Are you referring to Julian Stewart's 2012 paper ("Mechanisms of Sympathetic Regulation in Orthostatic Intolerance")? I found that paper quite useful, particularly the data on how TTT responses are different in folks with POTS and folks with NMH/NCS that isn't an end consequence of POTS. His theory on cerebral blood flow being largely independent of the sympathetic nervous system does help explain why, despite treatment with clonidine, my spaciness has not improved, while pretty much everything else - including classical SNS effects like sweating and overheating, and also fatigue that I ascribe to SNS overactivity - have mostly stopped happening to me, quite dramatically. Granted, I don't *know* that spaciness is due to cerebral blood flow issues (some parts of it, like always looking over my shoulder, becoming overstimulated, or starting more with sudden input, have also calmed somewhat with the clonidine - that hypervigilance-type behavior does go hand in hand with the SNS), but it does fit nicely into my personal mental model of how my POTS works. To clarify, also, clonidine has helped somewhat with my seated/lying down cognitive impairment - I can now read papers for work! - but not with standing cognitive impairment; I still get flustered when I'm standing up. I'm wondering if perhaps it's helping indirectly via removing fatigue and distraction (if SNS overactivity is reduced, perhaps I am able to pay more attention to things/concentrate better when my brain already has enough blood due to sitting, whereas in the past I had enough blood, but had too much SNS activity and so couldn't focus), if it isn't having direct effects on cerebral blood flow? Who knows; no easy way to measure it without TCD, which seems to be not in general use anywhere, and certainly not for personal experiments like this! I do get cognitive impairment with clonidine at other times when seated/lying down, but it does correlate nicely with clonidine-induced low blood pressure - it makes good sense that one would have cognitive impairment when overall blood pressure is low. Would you be willing to explain more about the parasympathetic innervation of pia matter idea? I haven't heard anything about it and am curious!

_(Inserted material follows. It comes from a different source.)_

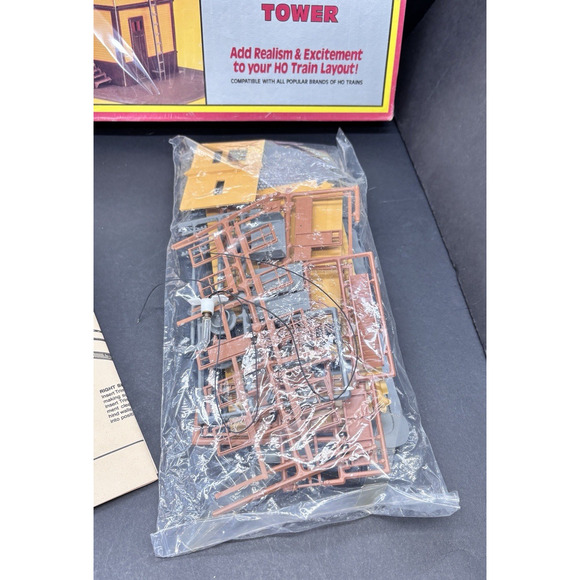 AHM Kit Interlocking Tower Building HO Scale Train Layout #15602 Lighted - Picture 6 of 16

I don't know about the specific value of change in HR, but it doesn't surprise me. Like you said, swallowing increases HR. Drinking through a straw you're tensing a lot of the muscles in your neck and upper chest to create suction, and I could easily see that increasing HR for a short period. Our bodies also have small HR changes with breathing - your HR goes up when you inhale, down when you exhale (respiratory sinus arrhythmia - the name sounds terrible but that's how the body normally works). Does it happen without a straw if you are able to drink without one?

"That's a diagnosis called Münchausen syndrome and I don't have it." [i'm not sure you would be comfortable saying this to your friend, but what he describes is an actual psychiatric diagnosis that most folks with POTS don't have.]